THE COURT OF APPEAL, FIJI
[ON APPEAL FROM THE HIGH COURT]


CIVIL APPEAL NO. ABU 34 of 2021
[Employment Court of Appeal: 34 of 2018]


BETWEEN:


NASESE BUS COMPANY LIMITED
Appellant


AND :


TRANSPORT WORKERS UNION
Respondent


Coram : Dr. Almeida Guneratne P


Counsel: Mr. D Nair for the Appellant
Mr. R A Singh for the Respondent


Date of Hearing : 20th April, 2023
Date of Decision : 2nd June, 2023


DECISION


[1] This is a matter that arose between the Appellant (a registered bus company) and the Respondent (a registered trade union).

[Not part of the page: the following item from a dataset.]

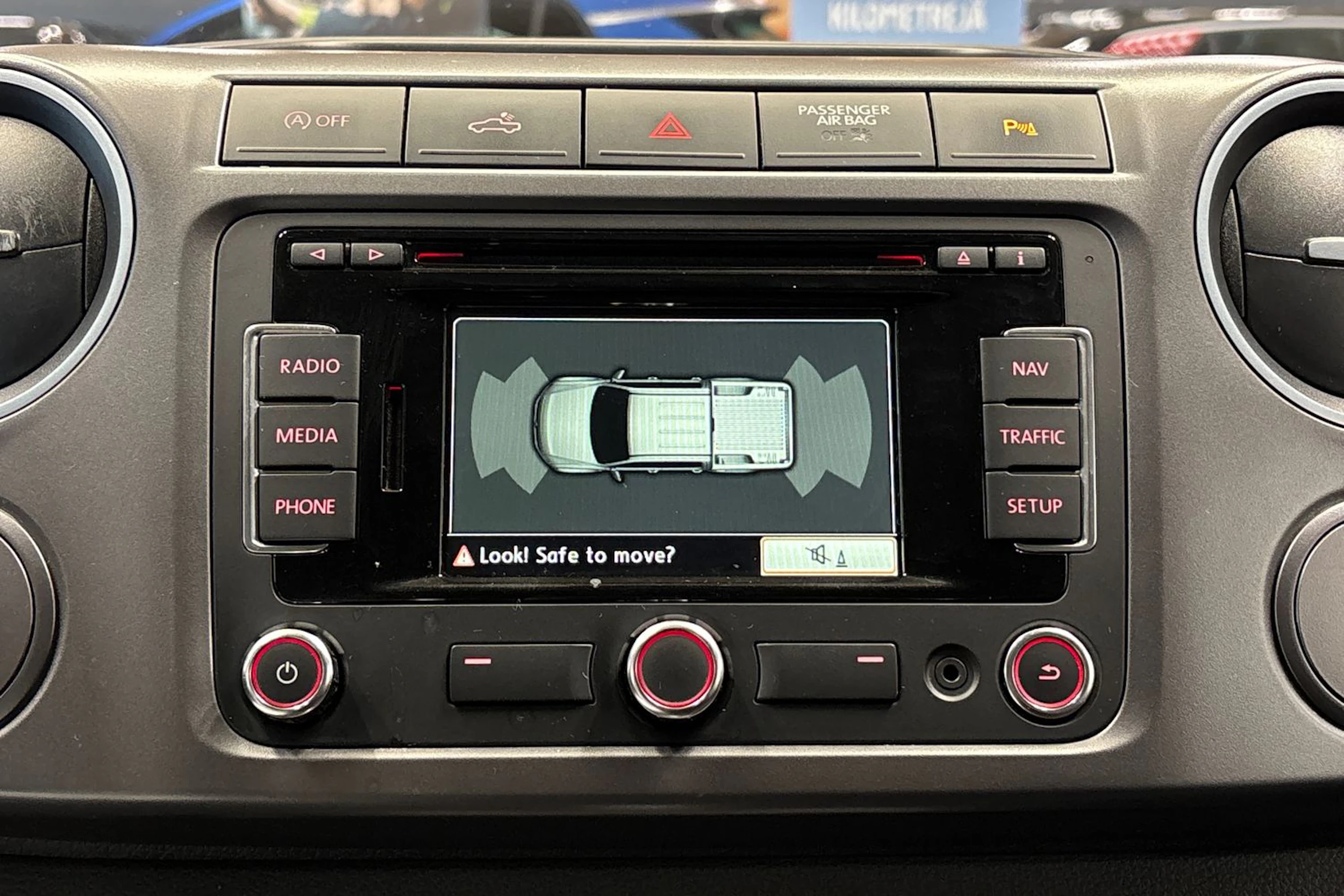 musta Volkswagen Amarok 2013 kuva 22.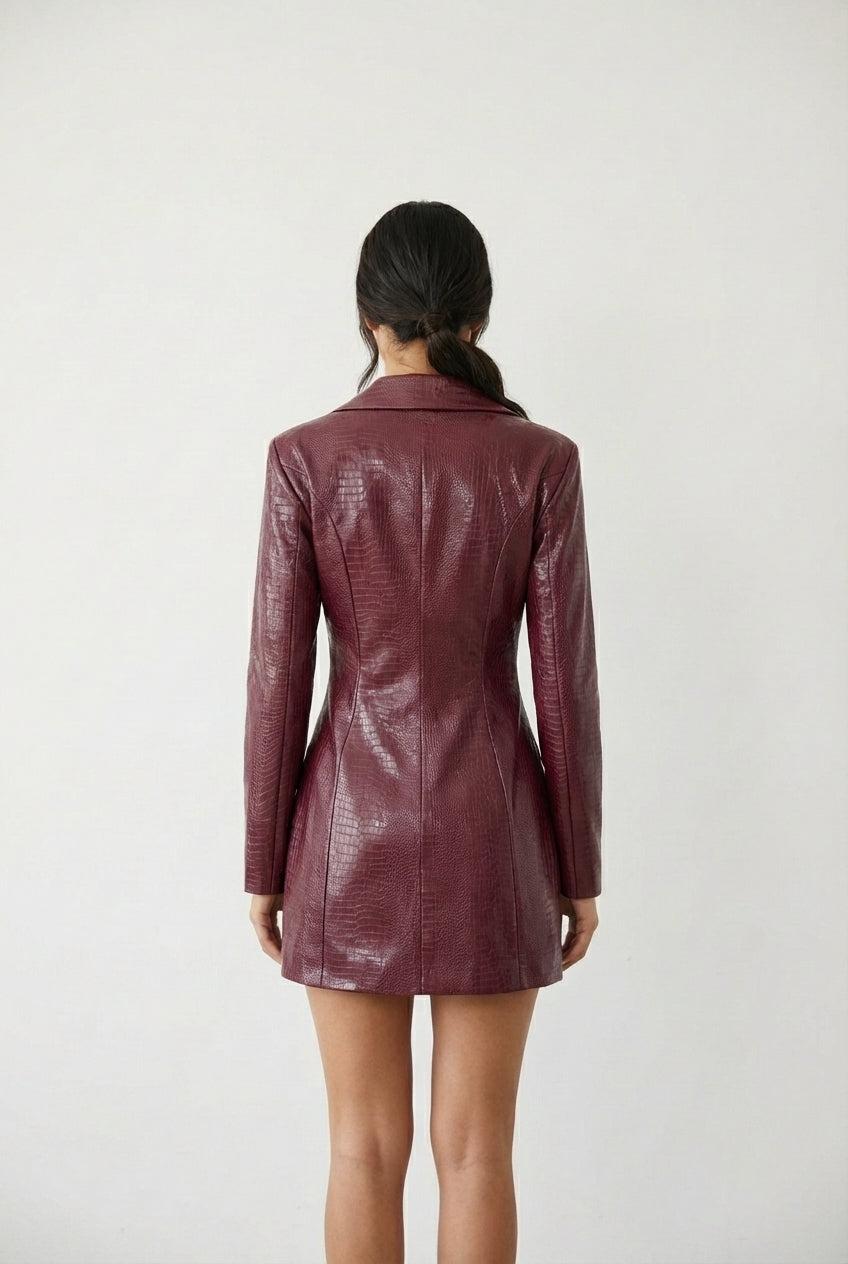 Bordowa marynarka-sukienka z fakturą krokodyla ze sztucznej skóry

Thus, the matter being one within the area of Employment/Labour Relations, the original action was instituted by the Respondent in the Employment Tribunal (the Tribunal) seeking “compliance orders” as envisaged under Section 212 (1) (b) of the Employment Act (as amended) “The Act”.


The “Compliance Orders” sought by the Respondent


“a. The Respondent to deduct the Union fees and remit the same to the Appellant.

  1. b. Respondent to enter into collective bargaining with the Appellant in accordance with Part 16 of “the Act”.
    1. c. The Respondent to cease from issuing individual contracts to Union members. In the events an employee who is a Union member wished to migrate to individual contract, the Union must be consulted and only with the written consent of the employee.
    1. d. Upon request from employees the Respondent to issue wages statement in accordance with Section 44(i) of “the Act.”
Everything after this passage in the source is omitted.